The Witcher 3 is a stunning game, and I think everyone with a sliver of knowledge about the RPG already knows that. There are many techniques that go towards creating immersive, gorgeous back drops, one of which is chromatic aberration. It’s a setting that often stays locked away from player tweaking, but CD Projekt RED isn’t going to force it on you if you really don’t like it.

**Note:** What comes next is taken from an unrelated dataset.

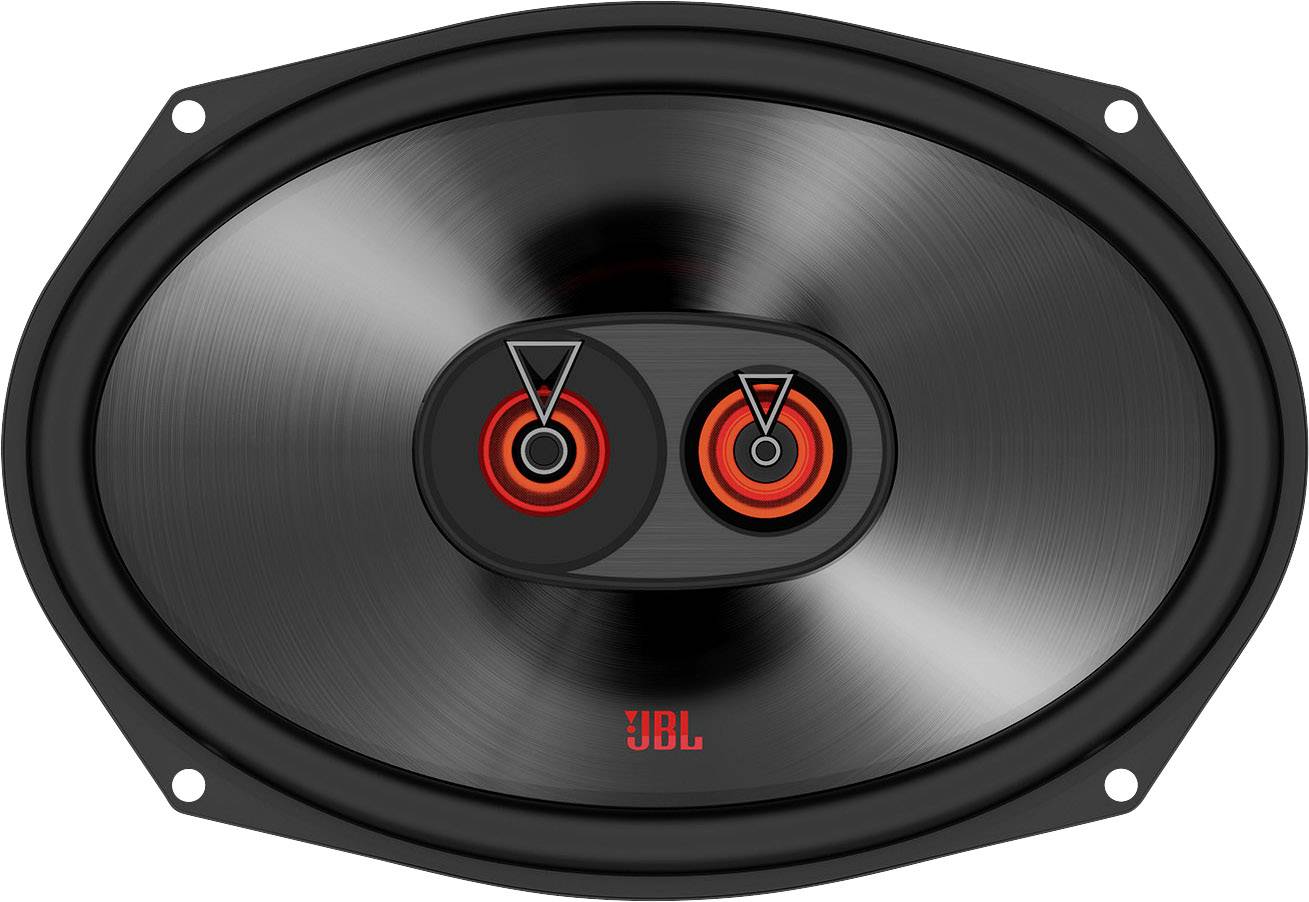 JBL Club 9632 3-Wege Einbau-Lautsprecher 255W Inhalt: 2St.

What is chromatic aberration in the first place though? The effect blurs the image currently being displayed on screen around the edges, and chromatically messes with some of the colours as well. It’s a filter of sorts, and used correctly it produces a superior image that also helps focus your eyes on what the camera is currently focusing on. Used over-zealously though, and you end up with a picture that looks like it needs 3D glasses to be viewed correctly. Dying Light, for example, uses it quite heavily, giving everything an odd sort of hazy, shimmering look.

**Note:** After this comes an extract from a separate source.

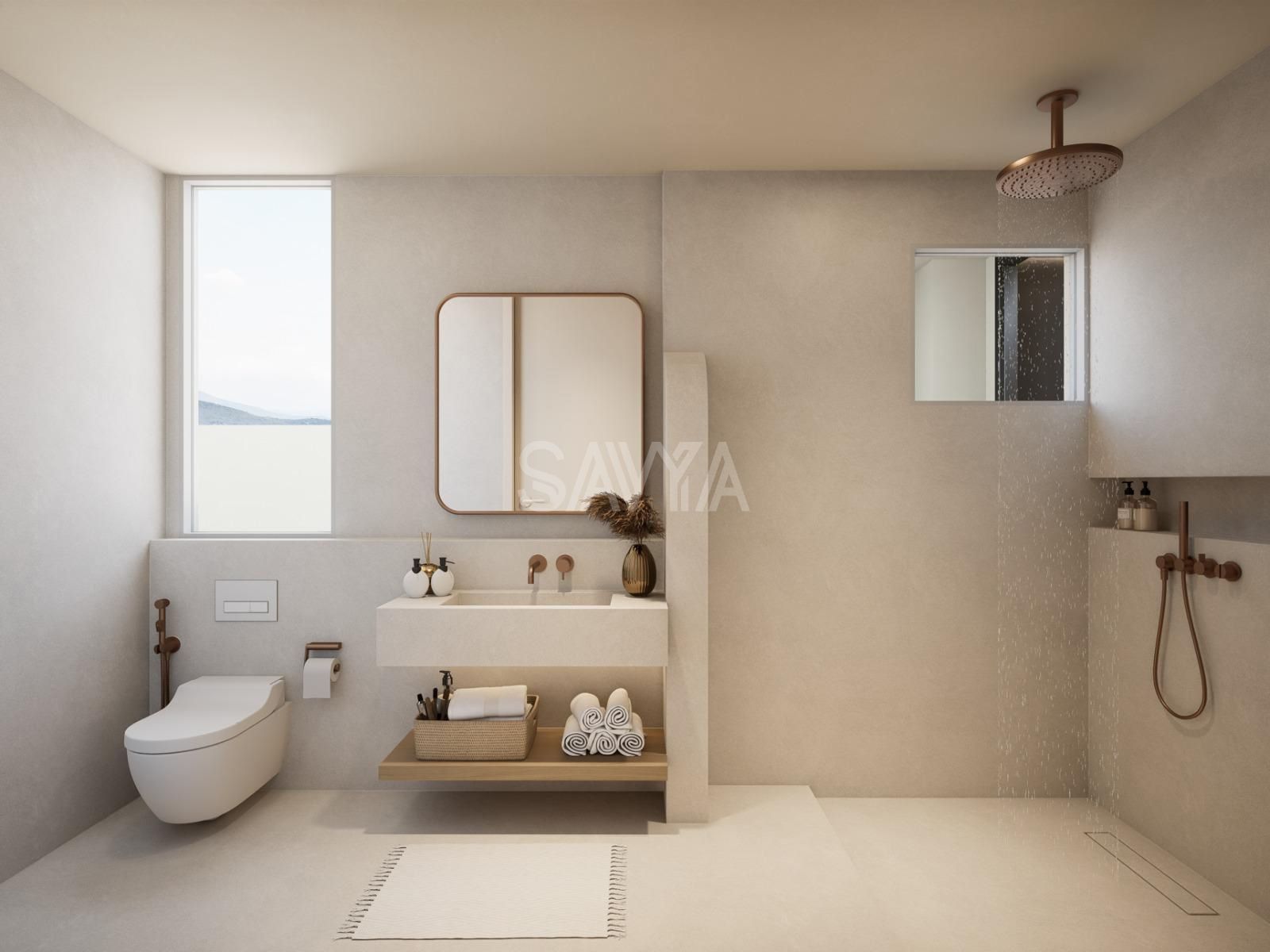 Exclusivo ático dúplex de 220 m² con terraza y vistas panorámicas 360 Barcelona - Foto 8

Most games, however, don’t allow you to set how intense the effect is, which can completely ruin some visuals in certain games. Bloodborne, for example, features a high level of chromatic aberration which puts some off, while Lords of the Fallen abused the setting to hell and back. The Witcher 3 (on PC at least) will let you turn it completely off though, much like motion blur settings eventually made their way to options screens.
And that’s good news for any of you hoping to snap some pretty in-game shots without the immeense blurring – which may even have its own app support from within the game.
@Snacze not without our devs only debugmode. let me bring this up with the team OK? You’re not the 1st to ask so it must be important 🙂
— Damien Monnier (@Bacon_is_life) March 29, 2015
The Witcher 3 is out on PC, Xbox One and PS4 in May. I think it’s easier to ask who’s not excited at this point.